Every line from the one holding "At Huntington Beach, California, an" through the one holding "a person standing" in the data below must be returned exactly, both ends included, with pictures left out and nothing else added.

Dataset records Start Marker

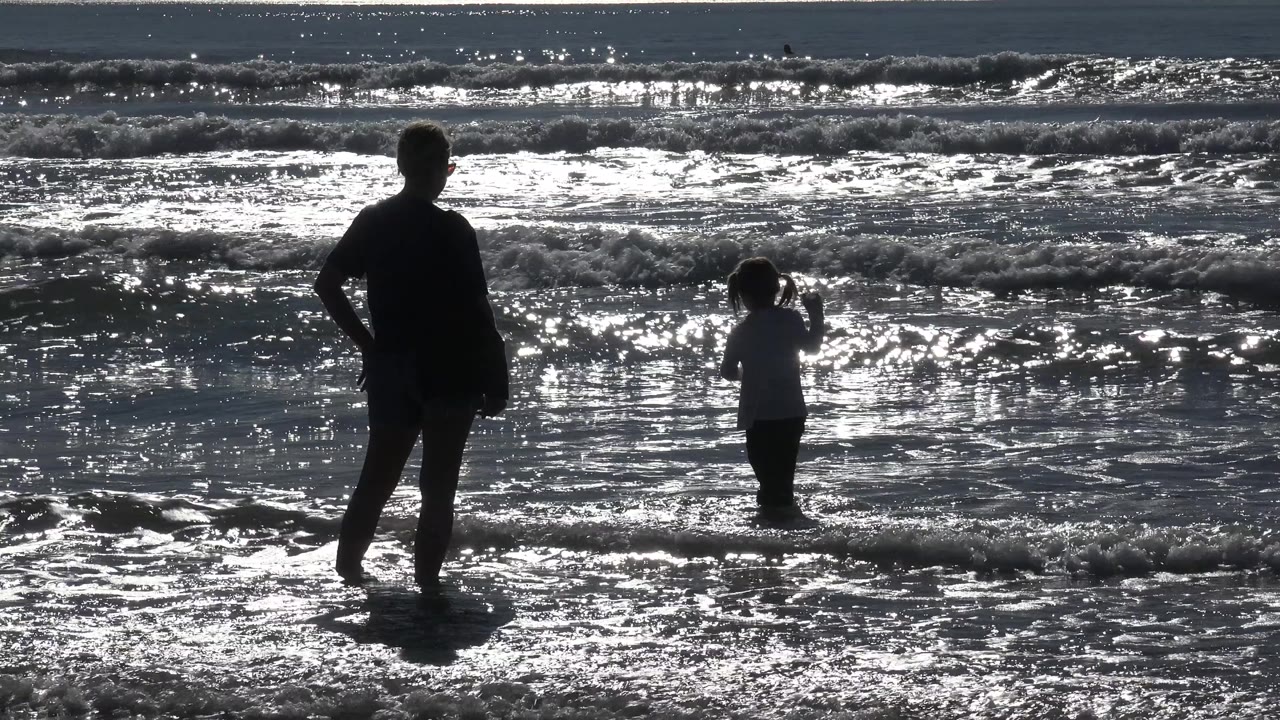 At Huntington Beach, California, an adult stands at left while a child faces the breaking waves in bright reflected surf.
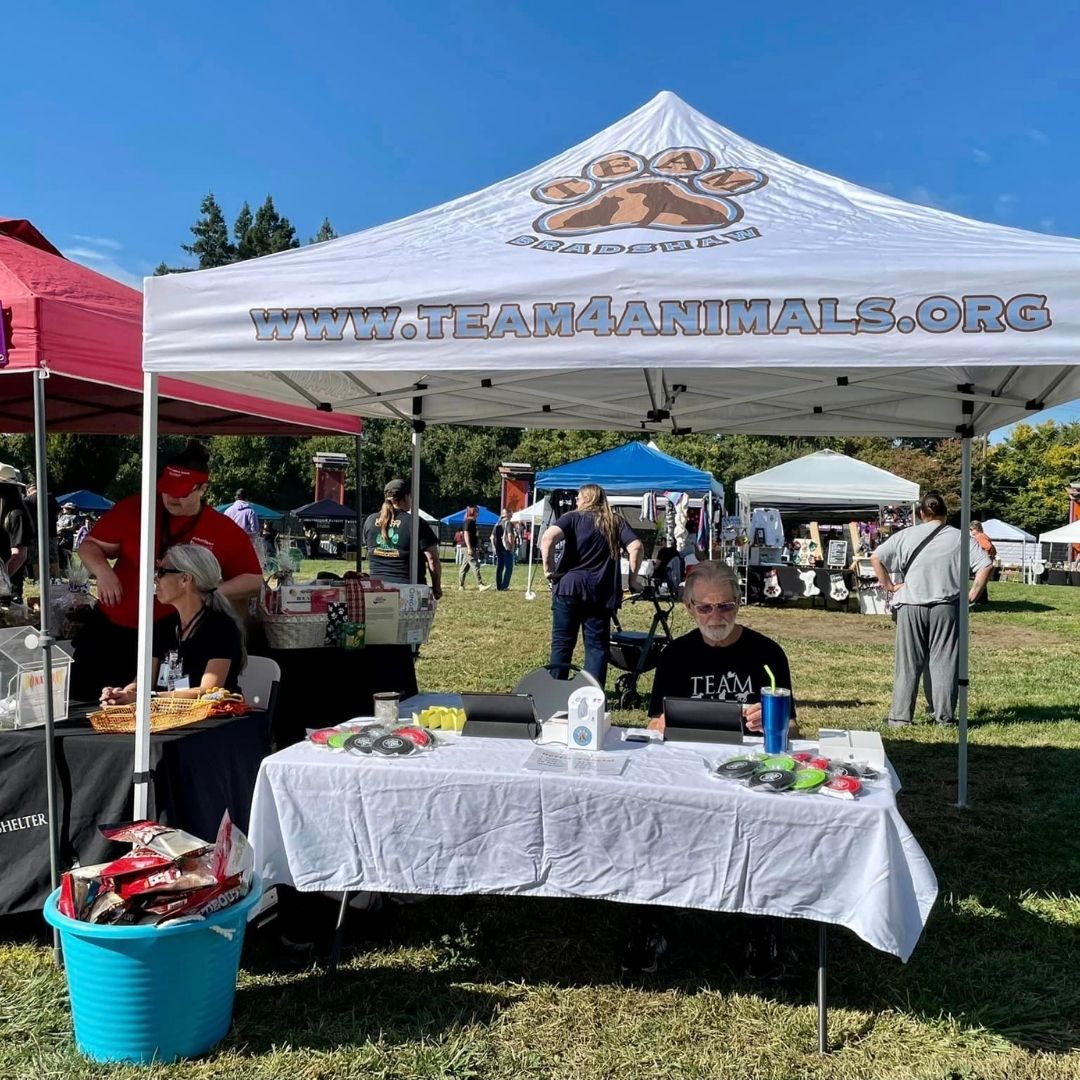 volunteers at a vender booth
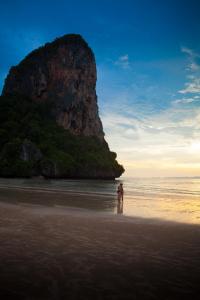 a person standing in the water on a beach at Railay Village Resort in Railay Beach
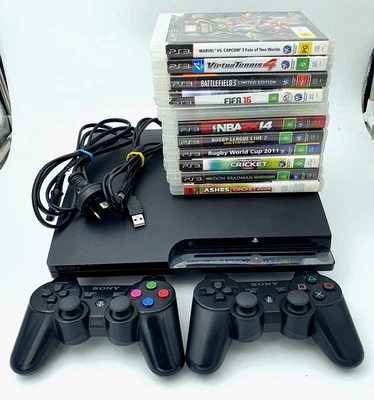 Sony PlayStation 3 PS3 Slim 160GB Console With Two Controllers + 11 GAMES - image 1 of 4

Dataset records End Marker
Dataset records Start Marker

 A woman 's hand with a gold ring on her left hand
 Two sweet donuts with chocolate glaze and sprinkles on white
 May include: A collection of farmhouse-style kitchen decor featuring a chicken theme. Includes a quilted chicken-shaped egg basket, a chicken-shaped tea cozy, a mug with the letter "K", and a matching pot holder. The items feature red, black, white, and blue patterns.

Dataset records End Marker

### Expected answer
 At Huntington Beach, California, an adult stands at left while a child faces the breaking waves in bright reflected surf.
 volunteers at a vender booth
 a person standing in the water on a beach at Railay Village Resort in Railay Beach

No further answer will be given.